It’s unprecedented in CUPE’s history. With more than 190 consultations and thousands of surveys, the work of the National Women’s Task Force has tapped an overwhelming response from CUPE members - women and men - who want better representation and to be involved in our union.
Across the country, Task Force groups have been listening to members talk about how our union can better respond to issues that matter to women and involve them at all levels of decision-making in CUPE.
“The majority of women we’ve heard from in communities across the regions have talked about their increasing workloads, job pressures in the workplace and the difficult balancing act between work and family,” said Task Force co-chair Barbara Moore. “What’s heartening is how enthusiastic these members are about CUPE reaching out to them and how many of them want to get involved in the union despite the barriers to their inclusion.”
The NWTF met in December to look at the initial feedback from its canvass of CUPE members. While comments from some areas and surveys are yet to be analyzed, the preliminary information is beginning to show some significant patterns across regions.

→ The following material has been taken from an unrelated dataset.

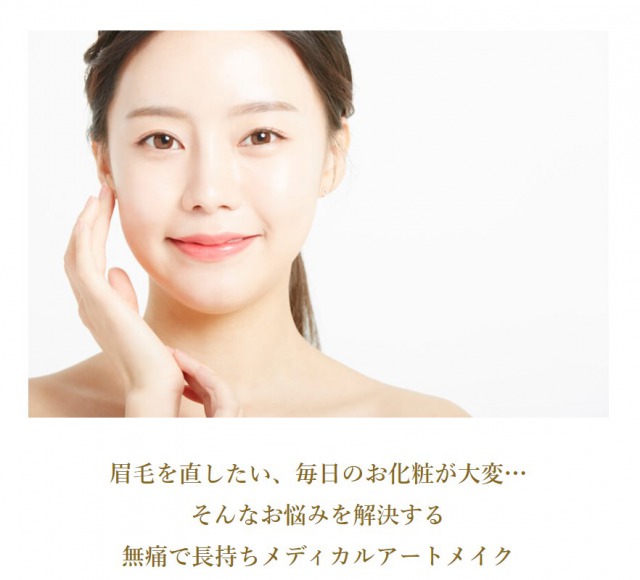栄美容クリニック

“It’s becoming clear that our union processes - from how and when local union meetings are held to education, collective bargaining and our difficult-to-understand CUPE structure - too often exclude women and marginalize issues important to them. Issues like pensions, full-time jobs and child care are critical to our gaining ground for all CUPE members,” said CUPE National President Paul Moist, co-chair of the NWTF. “By looking at solutions to better involve these women members in our union decision-making, we can only become a stronger, more effective union.”
The NWTF group will meet again at the end of January to look at the compiled information and discuss how best to report back to the regions on the challenges and changes members have identified as important.